Our Catalogue Editor Dr Fran Sands recently travelled to Split, Croatia, for a conference on the influence of Diocletian’s Palace. Here she discusses her trip.

It was towards the end of his Grand Tour in 1757 that Robert Adam applied to the Venetian authorities for permission to visit Spalatro (now Split in Croatia). Recognising the power of archaeological publication, his intention was to explore the ruins of Diocletian’s Palace, taking with him a band of skilled draughtsmen in order that he could record his findings during a five-week visit. Following his return to London, Adam enhanced his status as an expert on antique domestic architecture through his publication of ‘The Ruins of the Palace of the Emperor Diocletian at Spalatro in Dalmatia’ (London, 1764). Although Diocletian’s Palace had been visited by the likes of Palladio and Serlio, Adam’s work comprised the first scholarly articulation of these important ruins, affording him an opportunity to make his mark and generate publicity for the Adam brand. It also functioned as a pattern book for Adam’s architectural style, giving academic credence to creative choice.

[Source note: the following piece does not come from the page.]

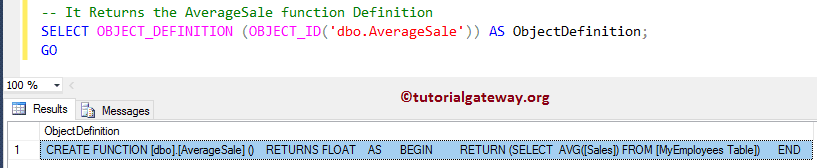 Alter User Defined Functions in SQL 6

2014 marks the 250th anniversary of Adam’s pioneering publication on Diocletian’s Palace, and to celebrate this milestone the Institute of Art History – Centre Cvito Fisković Split, hosted a three-day conference (27-29 November 2014) at Split City Museum entitled ‘Diocletian’s Palace in the works of Adam, Clérisseau and Cassas’. The event was financed by the Croatian Ministry of Science, Education and Sport and the City of Split, and also inaugurated an important installation research project, ‘Dalmatia – a destination of the European Grand Tour in the 18th and 19th century’ (2014-2017) which will be led by the conference organiser, Dr Ana Šverko of the Croatian Institute of Art History, under the aegis of the Croatian Science Foundation.

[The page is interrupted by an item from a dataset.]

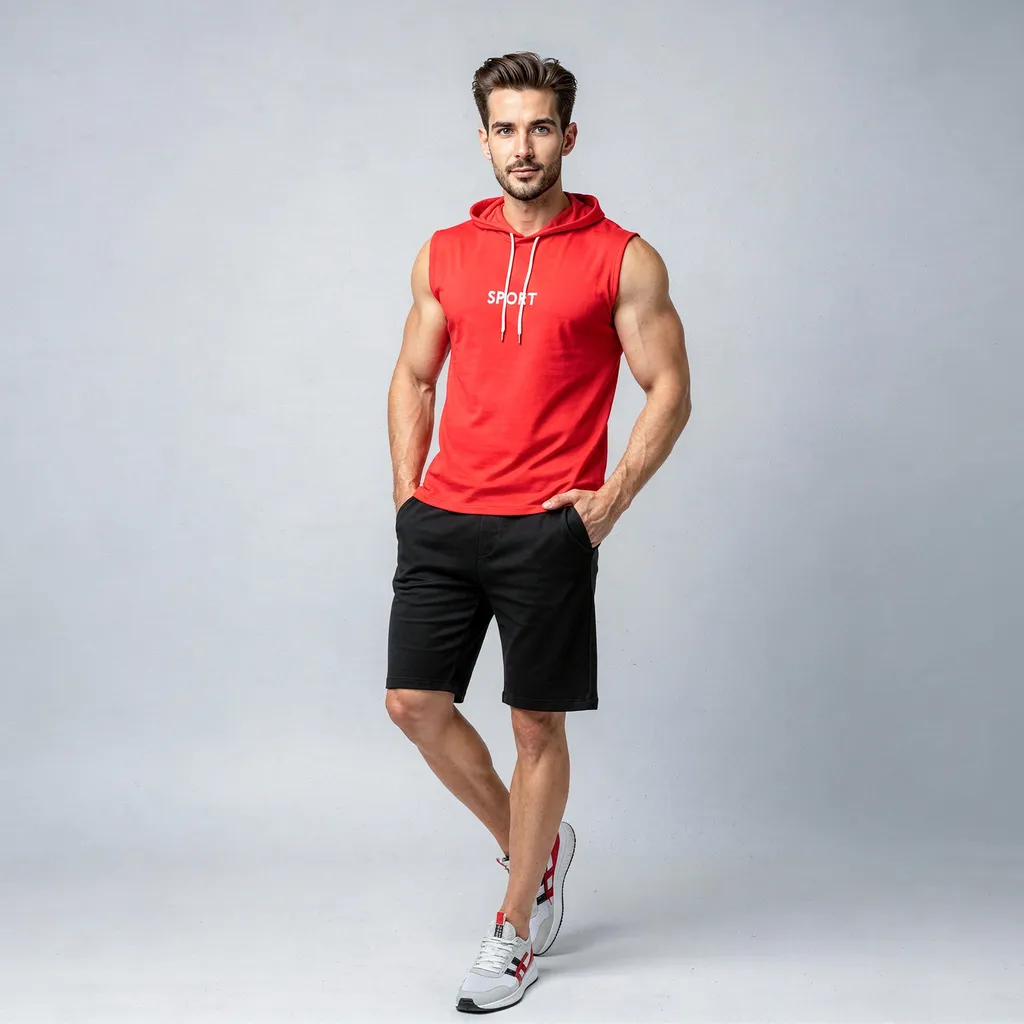 ست تاپ و شلوارک مردانه اولسون مدل the sport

17 scholars from 8 different countries presented papers on the influence of Diocletian’s Palace, and it was a great honour to be counted among that number. The speakers included Prof. Stephen Caffey of Texas A&M University; Prof. Heather Hyde Minor of the University of Illinois; Dr Ivan Mirnik  and Dr Ante Rendić-Miočević, formerly of the Zagreb Archaeological Museum; Prof. John Pinto of Princeton University; Dr Colin Thom, Senior Historian with the Survey of London at UCL; and Dr Elke Katharina Wittich of the University of Applied Sciences, Hamburg. It was my pleasure to introduce and moderate the first group of speakers, and to lead the following discussion panel. My paper was delivered during the second day of the conference, and was entitled ‘Reconstructed and in Ruins: the influence of Diocletian’s Palace within the drawings of Robert Adam’, giving examples of graphic evidence from among the 9,000-strong Adam drawings collection at Sir John Soane’s Museum for motifs and arrangements influenced by Diocletian’s Palace in Split. The full conference proceedings will be published by the Centre Cvito Fisković during 2015.

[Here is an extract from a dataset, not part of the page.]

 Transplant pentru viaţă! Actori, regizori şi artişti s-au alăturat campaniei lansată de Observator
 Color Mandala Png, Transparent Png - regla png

A week prior to this important conference Dr Šverko had visited me at the Soane Museum to view a selection of Adam’s Grand Tour drawings, as well as Soane’s Royal Academy lecture drawings which reproduce a number of Adam’s published illustrations of Diocletian’s Palace. This had been a lovely opportunity to meet Ana, and her companion, Flora Turner-Vučetić, consultant to ‘Dalmatia – a destination of the European Grand Tour in the 18th and 19th century’, and former Cultural Consultant at the Croatian Embassy in London. I was fortunate enough to travel with Mrs Turner, and during our flight we bumped into an acquaintance of hers, the rising Croatian operatic soprano Lana Kos, who was travelling to Split to sing the leading role of Violetta in Giuseppe Verdi's ‘La Traviata’. As the opening performance was scheduled after our first day at the conference we decided to attend, and I am extremely grateful to Dr Joško Belamaric, Director of the Centre Cvito Fisković Split, and Trustee of Croatia’s National Theatre in Split, for arranging our tickets for this excellent performance at such short notice. I found that this was only one of many examples of extreme generosity on the part of my kind hosts in Croatia, which made my visit to beautiful Split all the more enjoyable.

Dr Frances Sands, Catalogue Editor (Adam drawings project), has been working on a project to make 8,000 drawings from the Adam collection available to view online.

As part of the Museum’s programme of digitization and improved access to collections the Adam drawings will also be amongst the 50,000 – 60,000 works of art, books and drawings, plus the Soane Archive to be transferred into the Collections Index+ Collections Management System (CMS) that will for the first time ever allow the Museum to store and sort records of all the items in the Museum’s collection. This has been made possible with thanks to funding from the HLF and an additional year’s funding by the Arts Council England’s Designation Development Fund for the collections information to become available to the public.